> What this task involves: Below are the records; restate word for word the lines from the first through the one containing "2025年十月份适合开业的吉日整理查询！", and only those.

BEGIN Records supplied

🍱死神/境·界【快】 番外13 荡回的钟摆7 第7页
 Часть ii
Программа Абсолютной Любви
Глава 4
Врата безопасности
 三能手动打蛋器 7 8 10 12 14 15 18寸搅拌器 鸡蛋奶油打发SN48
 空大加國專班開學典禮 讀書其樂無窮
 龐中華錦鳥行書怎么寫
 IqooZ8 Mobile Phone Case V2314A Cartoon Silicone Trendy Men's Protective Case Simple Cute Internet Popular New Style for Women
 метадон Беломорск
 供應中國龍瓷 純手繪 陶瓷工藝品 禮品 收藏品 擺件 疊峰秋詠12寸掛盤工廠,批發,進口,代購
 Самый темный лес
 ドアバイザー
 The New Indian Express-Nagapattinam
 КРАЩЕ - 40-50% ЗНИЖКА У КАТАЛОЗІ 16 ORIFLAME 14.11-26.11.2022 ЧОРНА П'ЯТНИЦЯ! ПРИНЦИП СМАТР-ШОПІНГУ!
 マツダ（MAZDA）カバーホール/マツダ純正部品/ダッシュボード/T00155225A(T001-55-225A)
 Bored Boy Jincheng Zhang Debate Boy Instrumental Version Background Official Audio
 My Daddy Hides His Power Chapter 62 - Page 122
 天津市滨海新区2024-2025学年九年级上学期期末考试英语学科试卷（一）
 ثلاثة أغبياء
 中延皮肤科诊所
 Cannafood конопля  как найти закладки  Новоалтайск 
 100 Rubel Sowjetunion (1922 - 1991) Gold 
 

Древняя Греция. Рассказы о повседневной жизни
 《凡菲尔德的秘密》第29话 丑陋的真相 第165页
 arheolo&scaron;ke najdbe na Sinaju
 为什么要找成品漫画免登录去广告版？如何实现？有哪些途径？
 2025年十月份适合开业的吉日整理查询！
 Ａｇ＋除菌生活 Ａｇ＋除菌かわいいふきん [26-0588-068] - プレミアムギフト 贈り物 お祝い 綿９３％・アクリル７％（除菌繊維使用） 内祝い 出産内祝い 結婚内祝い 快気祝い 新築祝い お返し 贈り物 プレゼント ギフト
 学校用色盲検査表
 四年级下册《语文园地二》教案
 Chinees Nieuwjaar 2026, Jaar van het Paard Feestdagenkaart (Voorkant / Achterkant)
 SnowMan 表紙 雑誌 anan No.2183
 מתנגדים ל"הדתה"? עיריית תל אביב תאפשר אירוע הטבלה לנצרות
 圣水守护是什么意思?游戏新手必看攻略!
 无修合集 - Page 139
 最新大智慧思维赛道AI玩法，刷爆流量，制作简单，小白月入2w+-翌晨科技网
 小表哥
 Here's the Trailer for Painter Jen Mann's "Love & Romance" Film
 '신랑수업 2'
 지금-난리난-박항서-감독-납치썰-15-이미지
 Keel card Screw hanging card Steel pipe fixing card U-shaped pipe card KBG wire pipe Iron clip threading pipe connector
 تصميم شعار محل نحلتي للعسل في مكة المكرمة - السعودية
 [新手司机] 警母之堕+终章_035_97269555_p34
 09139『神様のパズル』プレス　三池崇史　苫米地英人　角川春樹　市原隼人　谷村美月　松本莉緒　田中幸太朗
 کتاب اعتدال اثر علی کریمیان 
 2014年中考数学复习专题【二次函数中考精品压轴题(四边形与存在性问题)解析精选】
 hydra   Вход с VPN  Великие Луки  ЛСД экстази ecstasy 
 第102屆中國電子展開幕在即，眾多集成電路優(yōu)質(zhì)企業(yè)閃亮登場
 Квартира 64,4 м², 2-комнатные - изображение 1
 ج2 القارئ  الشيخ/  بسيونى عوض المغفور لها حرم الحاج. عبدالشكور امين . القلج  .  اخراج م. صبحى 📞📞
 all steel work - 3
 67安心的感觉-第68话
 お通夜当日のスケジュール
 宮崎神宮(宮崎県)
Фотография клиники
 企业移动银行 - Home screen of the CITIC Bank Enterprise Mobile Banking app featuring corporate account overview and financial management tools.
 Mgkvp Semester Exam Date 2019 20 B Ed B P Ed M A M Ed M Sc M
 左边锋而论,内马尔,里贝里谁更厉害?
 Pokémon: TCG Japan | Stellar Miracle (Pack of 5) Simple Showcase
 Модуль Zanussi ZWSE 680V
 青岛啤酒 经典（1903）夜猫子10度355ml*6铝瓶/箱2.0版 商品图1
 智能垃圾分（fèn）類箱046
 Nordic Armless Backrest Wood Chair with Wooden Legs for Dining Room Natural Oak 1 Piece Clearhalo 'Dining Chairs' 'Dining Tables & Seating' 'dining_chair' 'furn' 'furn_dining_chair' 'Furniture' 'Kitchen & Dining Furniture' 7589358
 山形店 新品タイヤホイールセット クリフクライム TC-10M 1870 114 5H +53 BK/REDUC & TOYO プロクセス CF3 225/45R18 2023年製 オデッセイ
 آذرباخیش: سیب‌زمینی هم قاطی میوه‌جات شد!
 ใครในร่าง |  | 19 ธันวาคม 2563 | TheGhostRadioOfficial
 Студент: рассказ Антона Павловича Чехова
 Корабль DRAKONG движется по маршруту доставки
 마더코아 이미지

END Records supplied

> Task output:
🍱死神/境·界【快】 番外13 荡回的钟摆7 第7页
 Часть ii
Программа Абсолютной Любви
Глава 4
Врата безопасности
 三能手动打蛋器 7 8 10 12 14 15 18寸搅拌器 鸡蛋奶油打发SN48
 空大加國專班開學典禮 讀書其樂無窮
 龐中華錦鳥行書怎么寫
 IqooZ8 Mobile Phone Case V2314A Cartoon Silicone Trendy Men's Protective Case Simple Cute Internet Popular New Style for Women
 метадон Беломорск
 供應中國龍瓷 純手繪 陶瓷工藝品 禮品 收藏品 擺件 疊峰秋詠12寸掛盤工廠,批發,進口,代購
 Самый темный лес
 ドアバイザー
 The New Indian Express-Nagapattinam
 КРАЩЕ - 40-50% ЗНИЖКА У КАТАЛОЗІ 16 ORIFLAME 14.11-26.11.2022 ЧОРНА П'ЯТНИЦЯ! ПРИНЦИП СМАТР-ШОПІНГУ!
 マツダ（MAZDA）カバーホール/マツダ純正部品/ダッシュボード/T00155225A(T001-55-225A)
 Bored Boy Jincheng Zhang Debate Boy Instrumental Version Background Official Audio
 My Daddy Hides His Power Chapter 62 - Page 122
 天津市滨海新区2024-2025学年九年级上学期期末考试英语学科试卷（一）
 ثلاثة أغبياء
 中延皮肤科诊所
 Cannafood конопля  как найти закладки  Новоалтайск 
 100 Rubel Sowjetunion (1922 - 1991) Gold 
 

Древняя Греция. Рассказы о повседневной жизни
 《凡菲尔德的秘密》第29话 丑陋的真相 第165页
 arheolo&scaron;ke najdbe na Sinaju
 为什么要找成品漫画免登录去广告版？如何实现？有哪些途径？
 2025年十月份适合开业的吉日整理查询！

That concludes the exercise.